Page Visits Funnel project

I am working on the Page Visits Funnel project in R. Step 3 says"how long is the visits data frame?" I interpreted this to mean “how many rows”. When I coded that and hit save, nothing happened. So I checked the hint which says: " Use nrows() to find out the number of rows in a data frame." so I coded it this way:

total_visits <- visits %>%
	nrows()

and also this way:
total_visits <- nrows(visits)
Neither solution produces a result upon saving. What is the error, please?

I’ve also tried:

total_visits <- visits_cart %>%
nrows()
head(total_visits)

This didn’t seem to work, either.

It’s nrow() not nrows().

Also I suggest that you put the nrow in the inspection area.

Sorry, I also have a question about this project.
I´m trying to find the answer for step 5.
What percent of users who visited Cool T-Shirts Inc. ended up not placing a t-shirt in their cart?
I hope you can help me.
Thanks!

Here is how I tried to solve step 5 (and prior steps):

{r error=TRUE}
# define visits_cart here:
visits_cart <- visits %>%
  left_join(cart)
visits_cart
# define total_visits here:
total_visits <- nrow(visits)
total_visits
# define visit_no_cart here:
visit_no_cart <- visits_cart %>%
  filter(is.na(cart_time))
visit_no_cart

visit_no_cart_count <- nrow(visit_no_cart)
visit_no_cart_count
# calculate visit_no_cart_percent here:
visit_no_cart_percent <- visit_no_cart_count/total_visits
visit_no_cart_percent

The calculation came out to 82.6%. Is this what you got?

1 Like

Hi

Right now, I’m on step 6, which goes like this:

" Repeat the left join for cart and checkout and count NA values.
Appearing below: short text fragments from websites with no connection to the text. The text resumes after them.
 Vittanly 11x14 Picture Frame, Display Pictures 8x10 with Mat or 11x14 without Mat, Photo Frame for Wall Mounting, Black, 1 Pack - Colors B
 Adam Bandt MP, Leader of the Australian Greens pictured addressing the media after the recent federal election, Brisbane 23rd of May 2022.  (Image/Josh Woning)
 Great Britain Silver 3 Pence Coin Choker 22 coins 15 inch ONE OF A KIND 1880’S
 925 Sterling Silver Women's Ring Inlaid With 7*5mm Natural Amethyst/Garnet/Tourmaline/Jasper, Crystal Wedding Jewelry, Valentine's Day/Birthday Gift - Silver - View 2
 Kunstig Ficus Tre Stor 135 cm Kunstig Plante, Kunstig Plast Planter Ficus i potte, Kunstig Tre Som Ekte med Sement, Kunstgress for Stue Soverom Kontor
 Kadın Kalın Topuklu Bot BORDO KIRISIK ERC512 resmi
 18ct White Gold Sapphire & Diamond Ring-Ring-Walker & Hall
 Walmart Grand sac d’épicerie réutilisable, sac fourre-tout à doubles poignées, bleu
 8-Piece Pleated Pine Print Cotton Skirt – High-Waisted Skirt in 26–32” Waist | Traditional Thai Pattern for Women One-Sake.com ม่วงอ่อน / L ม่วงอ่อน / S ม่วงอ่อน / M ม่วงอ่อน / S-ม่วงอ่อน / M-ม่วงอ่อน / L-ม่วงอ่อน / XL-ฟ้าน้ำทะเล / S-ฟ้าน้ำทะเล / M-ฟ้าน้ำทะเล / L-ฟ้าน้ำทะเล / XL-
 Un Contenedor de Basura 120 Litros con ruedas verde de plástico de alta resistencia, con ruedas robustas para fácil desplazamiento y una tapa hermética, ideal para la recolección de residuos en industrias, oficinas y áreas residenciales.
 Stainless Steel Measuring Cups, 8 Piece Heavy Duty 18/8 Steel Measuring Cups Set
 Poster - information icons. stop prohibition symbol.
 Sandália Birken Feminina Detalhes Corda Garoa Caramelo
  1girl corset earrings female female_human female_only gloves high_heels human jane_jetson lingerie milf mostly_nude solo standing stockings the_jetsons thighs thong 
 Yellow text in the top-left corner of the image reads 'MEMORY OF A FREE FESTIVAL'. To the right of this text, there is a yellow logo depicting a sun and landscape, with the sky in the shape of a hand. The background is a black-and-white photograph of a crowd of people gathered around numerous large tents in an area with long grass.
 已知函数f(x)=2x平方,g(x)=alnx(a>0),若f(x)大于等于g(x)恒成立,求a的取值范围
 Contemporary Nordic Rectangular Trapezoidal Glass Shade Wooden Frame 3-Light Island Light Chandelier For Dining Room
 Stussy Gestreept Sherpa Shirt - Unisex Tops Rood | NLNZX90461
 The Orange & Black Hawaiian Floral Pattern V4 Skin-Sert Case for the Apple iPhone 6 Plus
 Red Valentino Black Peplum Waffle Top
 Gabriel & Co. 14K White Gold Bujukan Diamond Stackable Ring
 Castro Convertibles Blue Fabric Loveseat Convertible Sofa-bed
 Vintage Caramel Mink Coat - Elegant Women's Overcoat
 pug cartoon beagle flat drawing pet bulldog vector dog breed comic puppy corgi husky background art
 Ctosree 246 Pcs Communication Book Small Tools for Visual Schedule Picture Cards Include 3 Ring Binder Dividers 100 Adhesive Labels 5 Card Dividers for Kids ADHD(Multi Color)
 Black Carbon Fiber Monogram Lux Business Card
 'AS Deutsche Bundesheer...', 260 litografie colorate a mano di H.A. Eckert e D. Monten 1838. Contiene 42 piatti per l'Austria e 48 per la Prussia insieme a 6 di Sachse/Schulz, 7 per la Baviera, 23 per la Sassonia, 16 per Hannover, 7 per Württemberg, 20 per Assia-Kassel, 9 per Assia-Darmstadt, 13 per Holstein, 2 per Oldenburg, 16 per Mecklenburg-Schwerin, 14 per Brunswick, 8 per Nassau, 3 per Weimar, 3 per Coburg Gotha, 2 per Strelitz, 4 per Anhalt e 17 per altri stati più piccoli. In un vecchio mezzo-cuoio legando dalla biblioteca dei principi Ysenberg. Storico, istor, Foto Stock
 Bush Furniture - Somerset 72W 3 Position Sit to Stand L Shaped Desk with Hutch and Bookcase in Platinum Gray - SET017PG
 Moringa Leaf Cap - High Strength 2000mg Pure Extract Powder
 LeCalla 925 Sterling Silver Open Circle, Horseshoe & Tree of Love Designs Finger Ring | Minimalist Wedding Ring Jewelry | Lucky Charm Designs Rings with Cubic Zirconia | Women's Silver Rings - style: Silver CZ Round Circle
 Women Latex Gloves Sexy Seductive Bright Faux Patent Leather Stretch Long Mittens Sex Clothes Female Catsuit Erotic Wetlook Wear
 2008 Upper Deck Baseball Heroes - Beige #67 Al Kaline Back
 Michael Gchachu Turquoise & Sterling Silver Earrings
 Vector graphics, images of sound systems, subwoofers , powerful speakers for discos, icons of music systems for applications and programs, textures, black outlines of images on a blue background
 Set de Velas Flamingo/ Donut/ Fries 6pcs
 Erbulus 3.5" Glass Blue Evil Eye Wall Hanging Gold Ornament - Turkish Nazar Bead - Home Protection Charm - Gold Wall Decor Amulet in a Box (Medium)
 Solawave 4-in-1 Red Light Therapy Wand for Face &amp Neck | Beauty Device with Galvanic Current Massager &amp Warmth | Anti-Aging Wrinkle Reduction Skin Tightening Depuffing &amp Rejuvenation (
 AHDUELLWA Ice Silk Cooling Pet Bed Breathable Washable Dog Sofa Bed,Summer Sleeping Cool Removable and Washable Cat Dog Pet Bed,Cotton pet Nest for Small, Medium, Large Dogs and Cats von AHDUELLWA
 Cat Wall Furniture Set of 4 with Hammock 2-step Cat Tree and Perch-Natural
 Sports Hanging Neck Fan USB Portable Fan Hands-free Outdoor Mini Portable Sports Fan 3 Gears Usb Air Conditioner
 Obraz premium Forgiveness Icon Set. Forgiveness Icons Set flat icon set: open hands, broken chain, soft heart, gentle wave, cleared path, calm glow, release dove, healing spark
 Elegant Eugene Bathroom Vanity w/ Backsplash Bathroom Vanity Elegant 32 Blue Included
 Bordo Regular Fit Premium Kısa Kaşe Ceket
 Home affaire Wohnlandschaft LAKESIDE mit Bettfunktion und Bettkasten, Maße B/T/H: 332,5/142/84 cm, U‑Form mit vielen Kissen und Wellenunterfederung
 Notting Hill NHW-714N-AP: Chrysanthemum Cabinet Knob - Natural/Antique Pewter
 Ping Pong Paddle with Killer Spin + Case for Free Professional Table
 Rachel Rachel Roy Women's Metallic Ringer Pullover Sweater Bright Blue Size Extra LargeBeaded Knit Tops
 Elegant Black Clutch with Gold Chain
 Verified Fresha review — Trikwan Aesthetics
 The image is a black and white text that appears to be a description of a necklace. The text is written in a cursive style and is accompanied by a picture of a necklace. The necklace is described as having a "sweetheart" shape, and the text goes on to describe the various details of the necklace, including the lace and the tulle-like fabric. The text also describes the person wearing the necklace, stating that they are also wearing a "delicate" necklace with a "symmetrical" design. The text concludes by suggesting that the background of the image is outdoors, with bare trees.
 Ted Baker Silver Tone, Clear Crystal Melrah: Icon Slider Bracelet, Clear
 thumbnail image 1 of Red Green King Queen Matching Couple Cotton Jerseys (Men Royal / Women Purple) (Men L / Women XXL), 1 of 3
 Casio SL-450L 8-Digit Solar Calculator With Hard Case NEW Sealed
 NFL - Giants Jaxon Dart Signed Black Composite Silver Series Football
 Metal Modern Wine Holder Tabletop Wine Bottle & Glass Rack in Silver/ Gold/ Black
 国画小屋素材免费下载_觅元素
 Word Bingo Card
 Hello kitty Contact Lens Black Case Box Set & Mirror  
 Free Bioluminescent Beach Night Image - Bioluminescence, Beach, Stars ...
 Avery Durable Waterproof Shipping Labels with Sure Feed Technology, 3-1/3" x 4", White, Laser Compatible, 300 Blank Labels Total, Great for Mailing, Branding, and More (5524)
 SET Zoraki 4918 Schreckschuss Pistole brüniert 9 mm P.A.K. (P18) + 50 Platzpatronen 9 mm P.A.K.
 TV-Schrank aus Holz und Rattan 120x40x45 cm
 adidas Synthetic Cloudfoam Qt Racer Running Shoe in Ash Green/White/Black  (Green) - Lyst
What percentage of users put items in their cart, but did not proceed to checkout?"

So, before I could find the percentage mentioned, I needed to make a data frame which only had the carts that had not proceeded to checkout. To do this, I wrote the following code:

cart_checkout <- cart %>%
left_join(checkout) %>%
filter(is.na(checkout))

cart_checkout

However, when I do this, I get the following error:

Error: Result must have length 348, not 452

I don’t understand what they mean with this code…

Cheers, Jóhann Örn

it should be

filter(is.na(checkout_time))

you forgot to finish the column name.

Hello there,

I have a question regarding to question number 8.

What percentage of users proceeded to checkout, but did not purchase a t-shirt?

I took a different approach to this question compared to the walkthrough video but I thought it makes sense until I realized the answer I got is different than the answer in the video. I got 0.147058823529, in the video the answer is 0.16889632107. Can anyone look through my code and let me know why did I get a different answer? I looked through the code a couple times and couldn’t figure out which part might have caused a different answer.

I approached the calculation based on the merged table of all four DataFrames but in the video, the solution is to only merge Checkout and Purchase dataframes and proceed with the calculations from there just like question 5 and 6.

Here is my code:

all_data = visits.merge(cart, how = 'left').merge(checkout, how = 'left').merge(purchase, how = 'left')
#Here I am trying to find how many users have reached to the checkout phase. 
checkout = len(all_data[all_data.checkout_time.notnull()])
print(checkout)
#prints 816.
#Then, I find out how many people did not made a purchase but reached to the checkout phase by using logical operator '&' with notnull() and isnull().
purchase_null = len(all_data[all_data.checkout_time.notnull() & all_data.purchase_time.isnull()])
#prints 120.
print(float(purchase_null)/checkout)
#prints 0.147058823529

Code from the video:

checkout_purchase = pd.merge(checkout,purchase, how='left')
checkout_time_rows = len(checkout_purchase)
print(checkout_time_rows)
#prints 598
purchase_null = len(checkout_purchase[checkout_purchase.purchase_time.isnull()])
print(purchase_null)
#prints 101
print(float(purchase_null)/checkout_time_rows)
#prints 0.16889632107

Thank you in advance!

I’m having an error:

Error in eval(lhs, parent, parent): object 'all_data' not found

This is due to this:

all_data <- all_data %>%
  mutate(time_to_purchase = purchase_time - visit_time)

Can you explain to me what I should change?